Work item: Copy all the data exactly, except the pictures.

-- Source material follows --

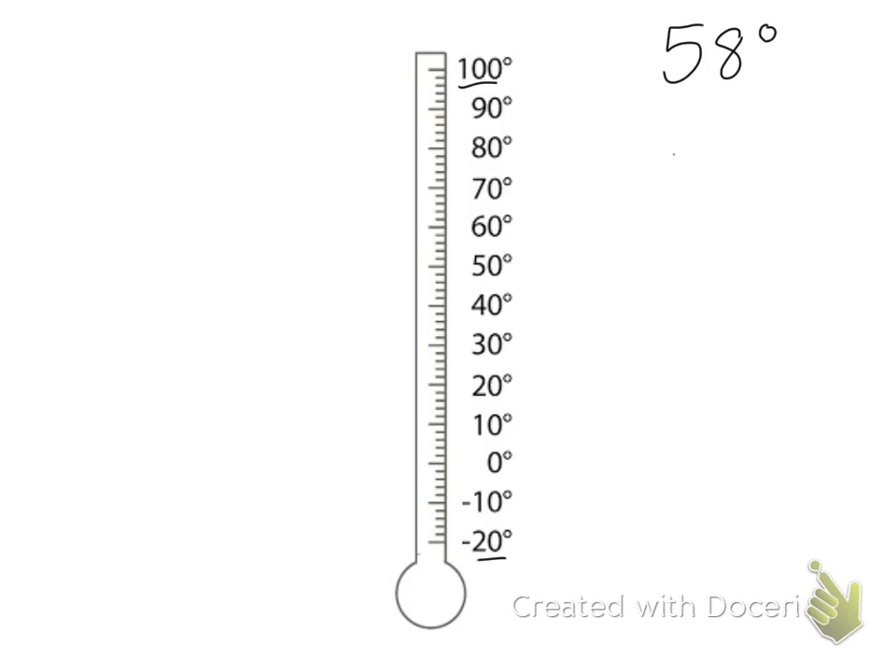So I want to show 58 degrees on my thermometer. To find 58, I first find 50 and then count by twos to get to 58. So I'd take my thermometer, go up to 50, and then count by twos: 52, 54, 56, 58. And I'd draw my line there at 58 degrees.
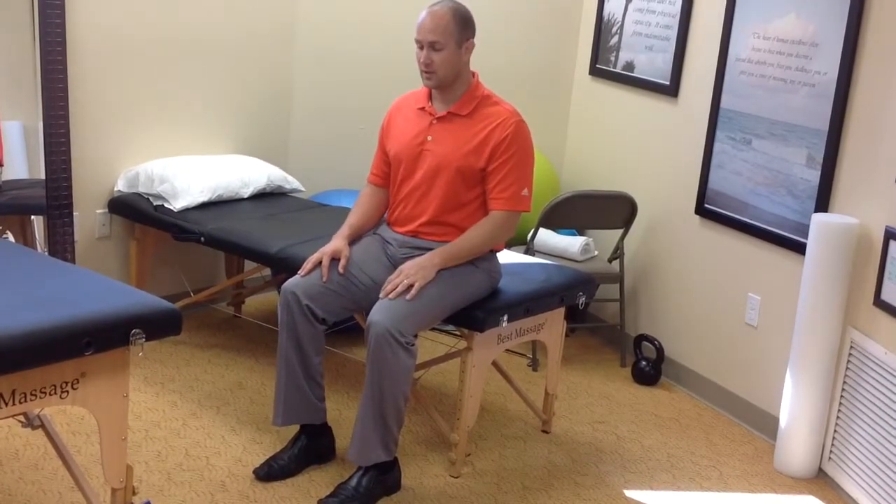So this is a nerve glider, also called a slider or nerve flossing technique for the sciatic nerve. These should not reproduce your symptoms or cause pain, but you should feel some tension with this.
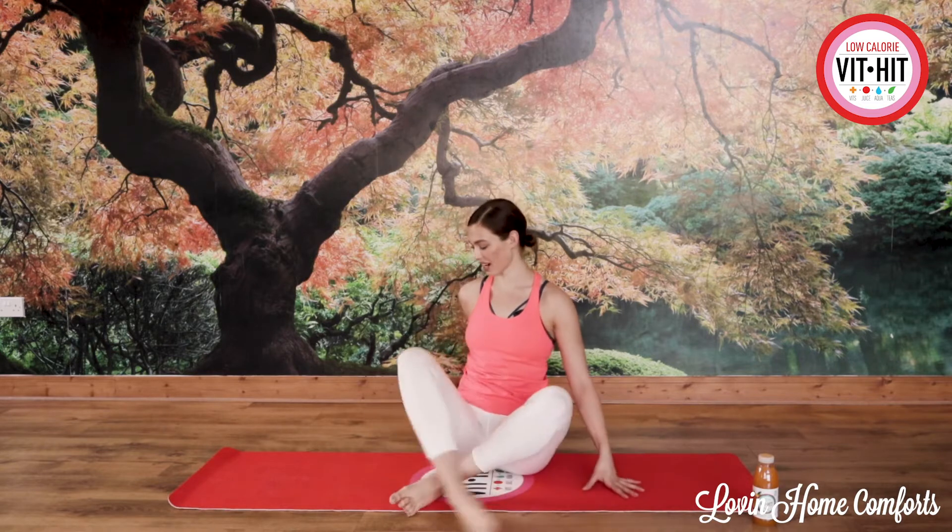Hello everyone, my name is Cuiva O'Dwyer and I'm bringing you this video with Fit Hit Drinks. This is a complete beginner Pilates workout. You're going to do it three times. So let's get started.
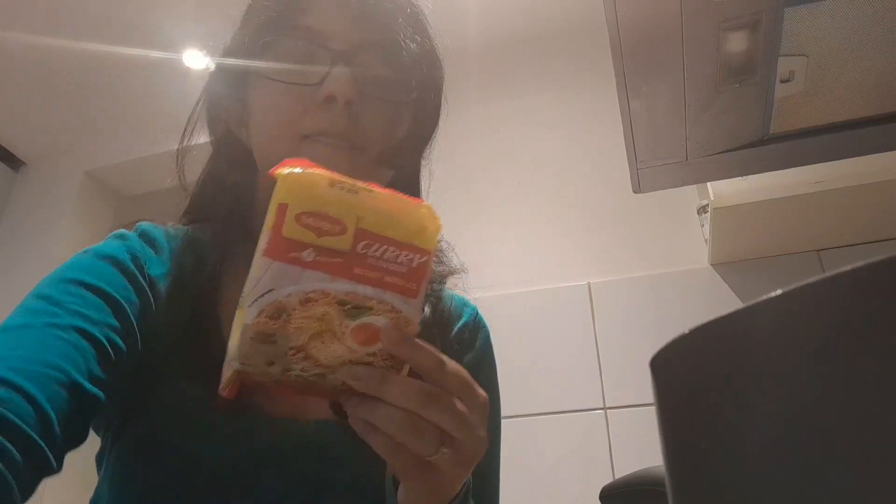Now I'm going to put the noodles in. Now I'm going to be adding the seasoning packet — now all the seasoning is in the pot. Now I'm going to stir everything together.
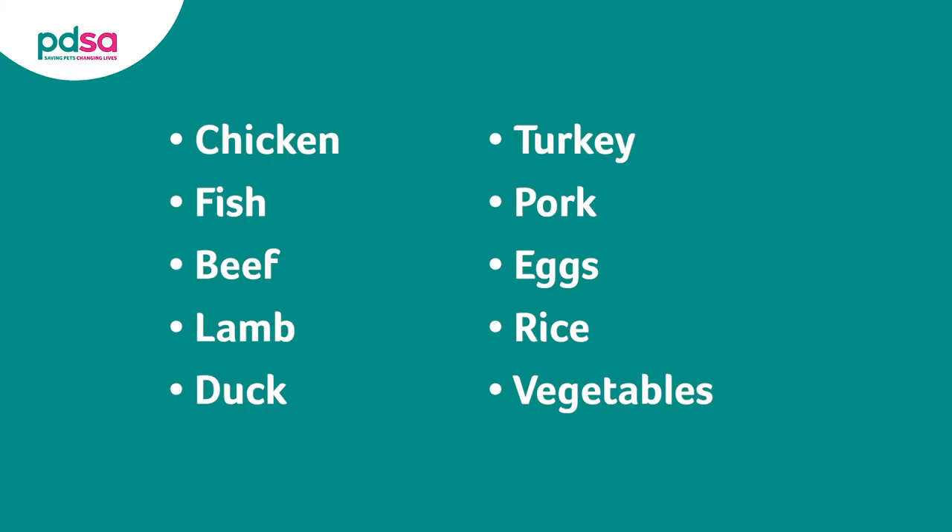Examples of ingredients you should challenge with include chicken, fish, beef, lamb, duck, turkey and pork as well as eggs, rice and different vegetables.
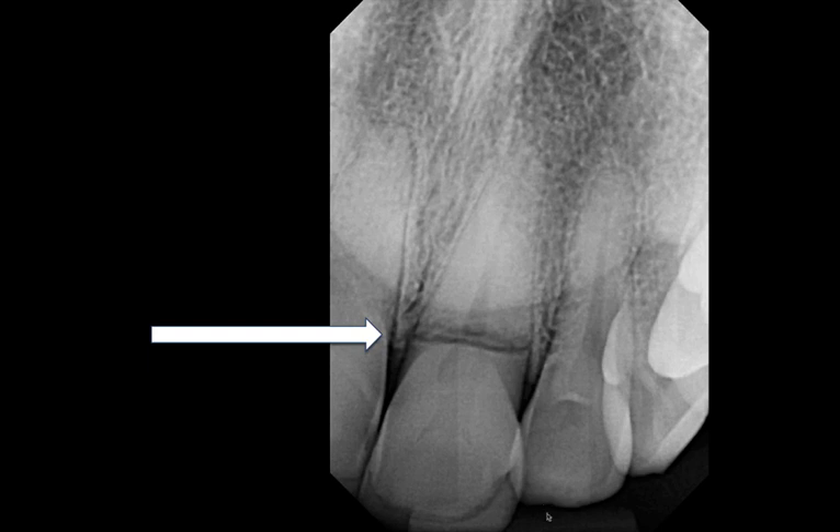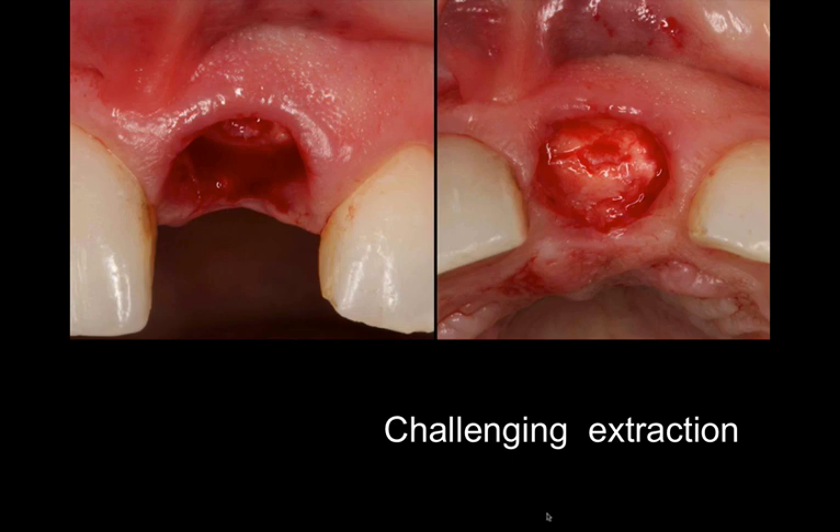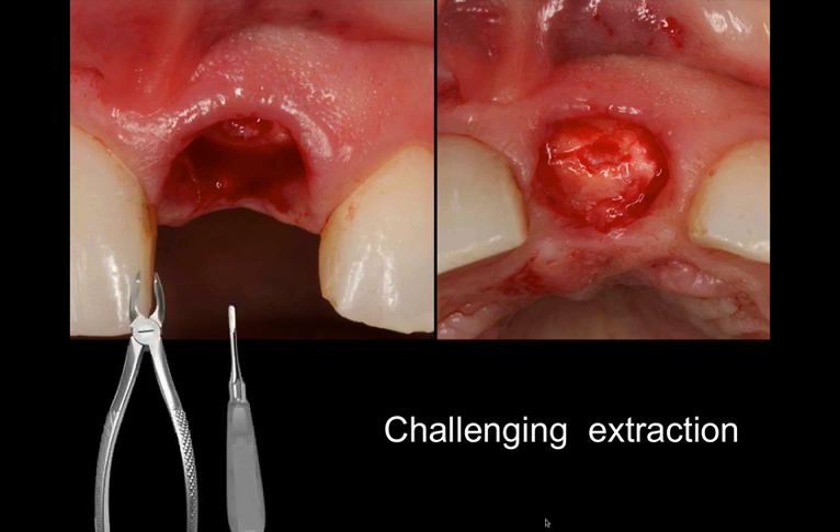When you have a horizontal fracture in an upper central incisor that is subosseous, you will have a challenge or at least a dilemma in regards to what method of extraction you'd like to apply. Using forceps and elevators or more conventional extraction techniques can compromise the soft tissue because you just don't have proper access without damaging the tissue, and of course you have the option to reflect the flap, but that in itself can also be damaging and compromising for obvious reasons.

-- Source material concluded --

Your response:
So I want to show 58 degrees on my thermometer. To find 58, I first find 50 and then count by twos to get to 58. So I'd take my thermometer, go up to 50, and then count by twos: 52, 54, 56, 58. And I'd draw my line there at 58 degrees.
So this is a nerve glider, also called a slider or nerve flossing technique for the sciatic nerve. These should not reproduce your symptoms or cause pain, but you should feel some tension with this.
Hello everyone, my name is Cuiva O'Dwyer and I'm bringing you this video with Fit Hit Drinks. This is a complete beginner Pilates workout. You're going to do it three times. So let's get started.
Now I'm going to put the noodles in. Now I'm going to be adding the seasoning packet — now all the seasoning is in the pot. Now I'm going to stir everything together.
Examples of ingredients you should challenge with include chicken, fish, beef, lamb, duck, turkey and pork as well as eggs, rice and different vegetables.
When you have a horizontal fracture in an upper central incisor that is subosseous, you will have a challenge or at least a dilemma in regards to what method of extraction you'd like to apply. Using forceps and elevators or more conventional extraction techniques can compromise the soft tissue because you just don't have proper access without damaging the tissue, and of course you have the option to reflect the flap, but that in itself can also be damaging and compromising for obvious reasons.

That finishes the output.